You were using UDP until fairly recently, right? It might be several days before I fix this because my kids are on break. You could try switching back to UDP in the meantime. I don't think this will happen if the live555 server has no TCP clients. (Note it can happen if this client is using UDP and another client is using TCP.)
btw, the lock I'm describing here is just a mutex in RAM.
I switched back to TCP to help troubleshoot potential network issues. I will engage UDP and/or use TCP knowing of this potential problem and using my work-around of resetting the server. Thank you
Please let me know if this fix works and send new debug logs if not.
building now and will launch shortly with new revisions. Will advise tomorrow as that should be sufficient time for the problem to manifest itself.
Checked my Live View (TCP packets) and all cameras came up. The failure of a camera to appear in Live View was an indicator of a failure. Since all cameras appeared, I'm concluding the fix has worked. I also checked random cameras for recordings and their subs and they all were populated with entries including most recent.
Thank you!
Confirming I'm stilling running the same process started 2 days ago when I last posted and my refresh of Live View continues to show all cameras, so this is further confirmation that the problem of camera drop-out has been corrected. Thank you, again!

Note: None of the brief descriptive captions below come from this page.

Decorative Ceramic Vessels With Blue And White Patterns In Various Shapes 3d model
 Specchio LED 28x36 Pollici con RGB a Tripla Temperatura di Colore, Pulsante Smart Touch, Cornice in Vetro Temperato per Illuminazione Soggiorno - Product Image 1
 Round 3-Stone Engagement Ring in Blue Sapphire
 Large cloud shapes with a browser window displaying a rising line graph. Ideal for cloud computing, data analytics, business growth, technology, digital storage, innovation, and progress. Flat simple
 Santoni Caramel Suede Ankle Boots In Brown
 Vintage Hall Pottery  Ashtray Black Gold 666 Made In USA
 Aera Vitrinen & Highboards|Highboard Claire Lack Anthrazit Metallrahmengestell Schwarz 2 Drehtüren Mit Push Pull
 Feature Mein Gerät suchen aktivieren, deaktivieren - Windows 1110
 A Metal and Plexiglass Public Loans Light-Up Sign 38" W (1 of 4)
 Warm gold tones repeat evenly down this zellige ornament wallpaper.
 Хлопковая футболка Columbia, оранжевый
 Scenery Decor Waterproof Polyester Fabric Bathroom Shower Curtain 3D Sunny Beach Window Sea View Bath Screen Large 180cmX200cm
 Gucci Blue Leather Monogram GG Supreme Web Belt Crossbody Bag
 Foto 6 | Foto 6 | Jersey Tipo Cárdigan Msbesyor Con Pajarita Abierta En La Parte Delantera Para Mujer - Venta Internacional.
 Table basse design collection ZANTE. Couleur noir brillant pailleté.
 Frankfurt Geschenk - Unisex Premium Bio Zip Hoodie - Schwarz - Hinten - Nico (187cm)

I have 5 Reolink cameras feeding into moonfire-nvr. 2 of the cameras (same model) stopped appearing in the LiveView. If I stop and start moonfire-nvr, they reappear and then after some time drop out. I've captured a log for an interval where the two cameras, GarageEast & GarageWest, dropped out.
The log runs for 24 hours from Sun 26 Dec 2021 09:57:43 AM PST to Mon 27 Dec 2021 09:58:08 AM PST. Here is a link to the log file that is being temporarily stored on Google Drive: https://drive.google.com/file/d/1yhoQtxqLSjDYEPxlDrvgz0_Z8F-xpmq2/view?usp=sharing
Tip: line 90,342 is at time point D20211226 20:00:02.449 Also, I restarted Monday at 8:38 a.m. (line 196,486) and both cameras appeared in the LiveView.
The drop-out occurs around 8:00 p.m. Sun. 12/26
Raspberry Pi4:
Moonfire-nvr:
Here is the inventory shown through the web interface showing a drop-out of the main camera GarageEast around 8:00 p.m.; there should be files from 8:00 p.m. until 11:59:
Here is the inventory showing a drop-out of the sub feed for cameras GarageEast around 8:00 p.m.; there should be files from 8:00 p.m. until 11:59:
![firefox_2021-12-27_11-09-06](https://user-images.githubusercontent.com/227313/147501688-b2572051-f7a1-4664-a29f-5207d386ebb8.png)
Here's evidence that another camera's feed was saved under the same instance of moonfire:![firefox_2021-12-27_11-44-17](https://user-images.githubusercontent.com/227313/147502758-5ddd0971-fcaf-41e0-95ae-4cc7abf6a761.png)
I could not find anything in the log that suggests a stoppage. Please let me know if there are some key words I should search for in the future. I do have other logs prior to this incident if they would be helpful.